Security officials have warned of possible further attacks.
The Taliban said their attack was intended as a message to U.S. President Donald Trump who last year sent more American troops to Afghanistan and ordered an increase in air strikes and other assistance to Afghan forces.
"The Islamic Emirate has a clear message for Trump and his hand kissers that if you go ahead with a policy of aggression and speak from the barrel of a gun, don't expect Afghans to grow flowers in response," Taliban spokesman Zabihullah Mujahid said in a statement, using the term the use to describe themselves.
The attack in one of the most heavily protected parts of the city, close to foreign embassies and government buildings, was the worst seen in the Afghan capital since a truck bomb near the German embassy killed 150 people in May.
"People were running everywhere to escape, there were wounded people lying on the ground, people with wounds to their arms, legs, heads," Hanif said.
Despite a major tightening in checks following the May 31 attack, the ambulance was able to get through the checkpoints, apparently without difficulty.
"People don't have work. There's no life for people in Afghanistan. People have to look for a life somewhere else, there's nowhere," said shopkeeper Sameem.
With Ghani embroiled in confrontation with provincial powerbrokers defying central rule, pressure is mounting on the government to set aside political divisions and focus on security.
"The situation is absolutely unacceptable to the people," said a former government minister, Abdul Hadi Arghandiwal.
"The government spends a lot of time and energy in political rivalry and infighting at a time when it has to pay more attention to security."
Former U.S. ambassador to Afghanistan Zalmay Khalilzad called for Ghani's government and its main political rival, powerful northern leader Atta Mohammad Noor, to "come together and resolve their differences".
"Fighting terrorism and protecting the people is job one. I hope they rise to the occasion," Khalilzad said on Twitter.
Saturday's attack, described as "an atrocity" by the head of the U.N. mission in Afghanistan, drew universal condemnation from neighbouring countries and allies who had expressed confidence that the new U.S. strategy was producing results.
Following a recent visit to Kabul, the U.S. ambassador to the United Nations, Nikki Haley, said the strategy was working and pushing the insurgents closer to peace talks.
However, the Taliban have dismissed any suggestion that they have been weakened by the U.S. approach and say they will only agree to talks when international forces leave Afghanistan.
The United States, which has accused Pakistan of helping the Taliban and has cut off some aid, urged all countries to take "decisive action" to stop the violence.
Afghan officials also say the insurgency is being directed from outside their country.
"This is not a civil war, this is a terrorist war imposed on the Afghan people," said Masoom Stanekzai, head of Afghanistan's main intelligence agency.
"This is a war in which the Afghan people are being used as tools and burned like firewood every day."

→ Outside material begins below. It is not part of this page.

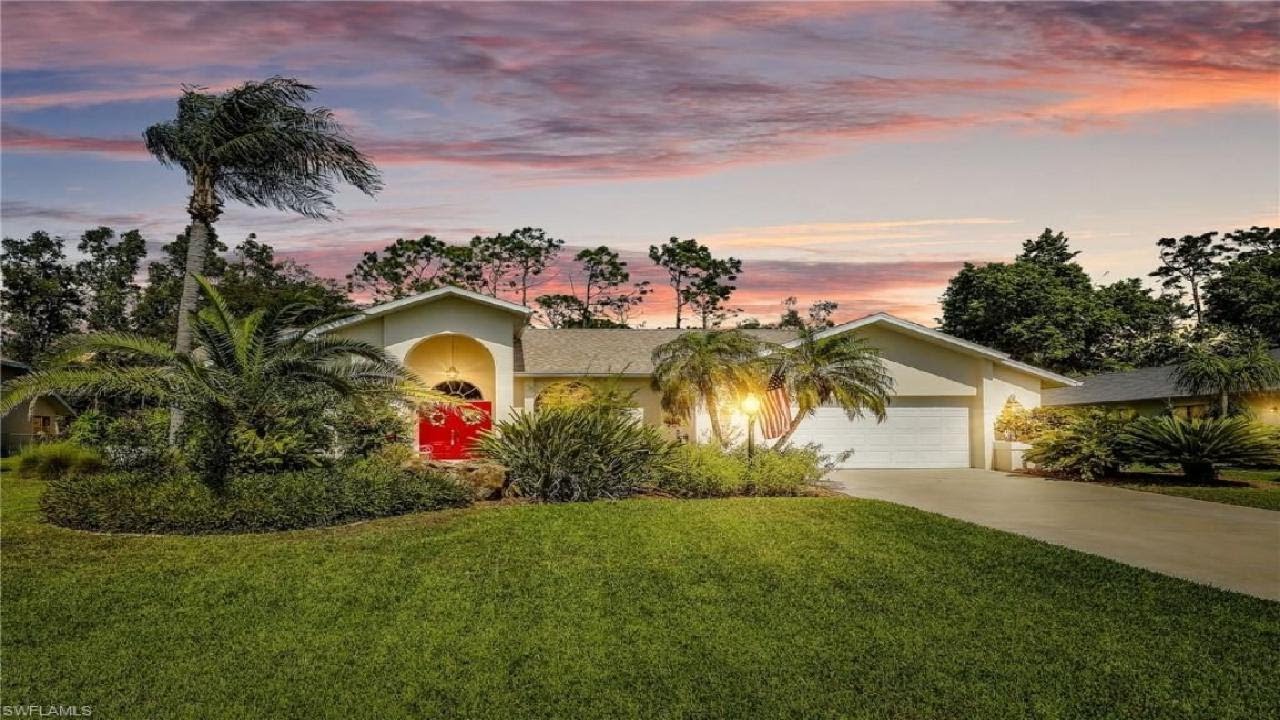 Fort Myers Florida Homes and Real Estate for Sale by Steven Chase | EAGLE RIDGE | 4 Bedrooms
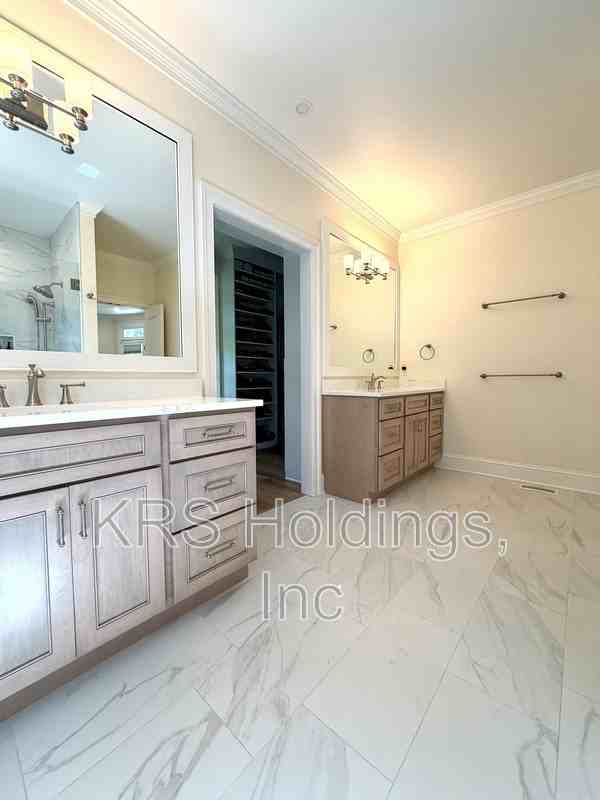 1025 Blackburn Blf - Photo 7 of 16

Pakistan, which denies accusations it fosters the Afghan war to undermine old rival India's growing influence there, condemned the attack and called for "concerted efforts and effective cooperation ... to eradicate the scourge of terrorism".
Afghanistan declared Sunday a day of mourning and said Monday would be a day off to allow care of the victims' families. Joko Widodo, president of Indonesia, which has the world's biggest Muslim population, was due to visit Kabul on Monday, Ghani's office said.
Widodo has proposed that Indonesian Islamic scholars could help promote Afghan peace, media reported recently.